28. According to the Claimant as stated at paragraph 3 of page 5 of the Written Submissions, the Claimant state that he was given (7) days’ Notice by the 2nd Respondent to pay a sum of Kshs. 19,700,000/= which was too short and fell way below the Statutory Notice of three (3) months as provided under Section 90(2) of the Registered Land Act2012 which state as follows:“If the default consists of non-payment of any money due under the charge, the amount that must be paid to rectify the default and the time being not less than three (3) months”.

29. We have not found anywhere in the 1st Respondent’s submissions where it stated that Section 96(2) of the Land Act was complied with.This Section states that:“Before exercising the power to sell the charged land, the charge shall serve on the charger a notice to sell in the prescribed form and shall not proceed to complete any contract sale of the charged land until at least 45 days have elapsed from the date of the service of the notice to sell.”This provision is well affirmed in the case of ActFast Security Limited vs Equity Bank (2014)eKLR where the court stated that;“Before exercising that power of sale, the charge must give a further notice as required under Section 96(2)…”However, we note that this latter process was halted by the ruling of this Tribunal which was delivered on 27/5/2021 and we still hold that where a procedure is provided in law, it must be followed to the latter.Because the 1st and 2nd Respondent did not follow the procedure laid down under the Land Act 2012 and the Land Registration Act.We order that the power to foreclose the charge is not available to the Respondents and should be reinstated back to its original status under the same terms as they were previously.

30. To exercise her right of redemption and attachment of the collaterals. On this, the Tribunal cannot aid the 1st Respondent to deviate from the laid down procedures. However, although we are alive to the rights of the 1st Respondent to recover the money owed by the Claimant/Respondent through the Power of Sale as provided under Section 96(1) of the Land Act 2012 we are of the opinion that the 1st Respondent should re-start the process again when the time comes and follow step by step the laid down procedures to realize the securities that it is holding.

31. Having said that, we find that the Counter-claim has no merits therefore dismiss it with no costs to either party.

32. In summary, we issue the following ordersa.Judgment is hereby entered in favour of the Claimant against the Respondent. In consequently, an order is hereby made for the immediate release of Motor Vehicle registration No.

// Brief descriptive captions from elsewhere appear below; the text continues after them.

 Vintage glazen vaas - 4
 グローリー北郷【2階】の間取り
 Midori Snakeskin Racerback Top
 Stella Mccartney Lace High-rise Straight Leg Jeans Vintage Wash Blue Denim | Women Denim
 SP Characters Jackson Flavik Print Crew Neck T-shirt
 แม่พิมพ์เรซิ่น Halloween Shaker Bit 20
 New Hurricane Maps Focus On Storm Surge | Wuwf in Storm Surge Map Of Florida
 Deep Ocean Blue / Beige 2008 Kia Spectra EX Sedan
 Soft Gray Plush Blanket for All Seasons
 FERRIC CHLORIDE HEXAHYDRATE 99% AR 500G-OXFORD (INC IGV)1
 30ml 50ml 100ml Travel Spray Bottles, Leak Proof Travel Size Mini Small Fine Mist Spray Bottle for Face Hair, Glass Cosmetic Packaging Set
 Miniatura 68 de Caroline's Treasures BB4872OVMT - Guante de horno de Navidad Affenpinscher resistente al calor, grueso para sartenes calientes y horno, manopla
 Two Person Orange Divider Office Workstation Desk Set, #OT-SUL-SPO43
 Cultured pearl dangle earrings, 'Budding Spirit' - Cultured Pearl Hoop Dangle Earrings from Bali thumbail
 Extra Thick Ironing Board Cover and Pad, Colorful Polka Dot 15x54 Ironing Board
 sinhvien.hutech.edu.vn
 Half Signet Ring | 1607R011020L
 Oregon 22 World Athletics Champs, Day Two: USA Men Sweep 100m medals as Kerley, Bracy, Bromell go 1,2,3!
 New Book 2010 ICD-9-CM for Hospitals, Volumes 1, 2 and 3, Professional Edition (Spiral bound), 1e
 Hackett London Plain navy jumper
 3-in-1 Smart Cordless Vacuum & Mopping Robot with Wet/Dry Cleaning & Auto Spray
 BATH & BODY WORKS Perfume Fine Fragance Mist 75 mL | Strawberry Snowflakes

KCN 087L to the Claimant within14 days herein.b.That the Counter -claim is not merited and is hereby dismissed with costs.c.It is trite law that costs follow the event, we therefore award costs to the Claimant.

Orders accordingly.

JUDGMENT SIGNED, DATED AND DELIVERED VIRTUALLY AT NAIROBI THIS 7TH DAY OF MARCH, 2024. HON. BEATRICE KIMEMIA - CHAIRPERSON SIGNED 7. 3.2024HON. BEATRICE SAWE - MEMBER SIGNED 7. 3. 2024HON. FRIDAH LOTUIYA - MEMBER SIGNED 7. 3.2024HON. PHILIP GICHUKI - MEMBER SIGNED 7. 3.2024HON. MICHAEL CHESIKAW - MEMBER SIGNED 7. 3.2024HON. PAUL AOL - MEMBER SIGNED 7. 3.2024TRIBUNAL CLERK JEMIMAHMaguta for ClaimantKamau holding brief for Kibue for Respondent.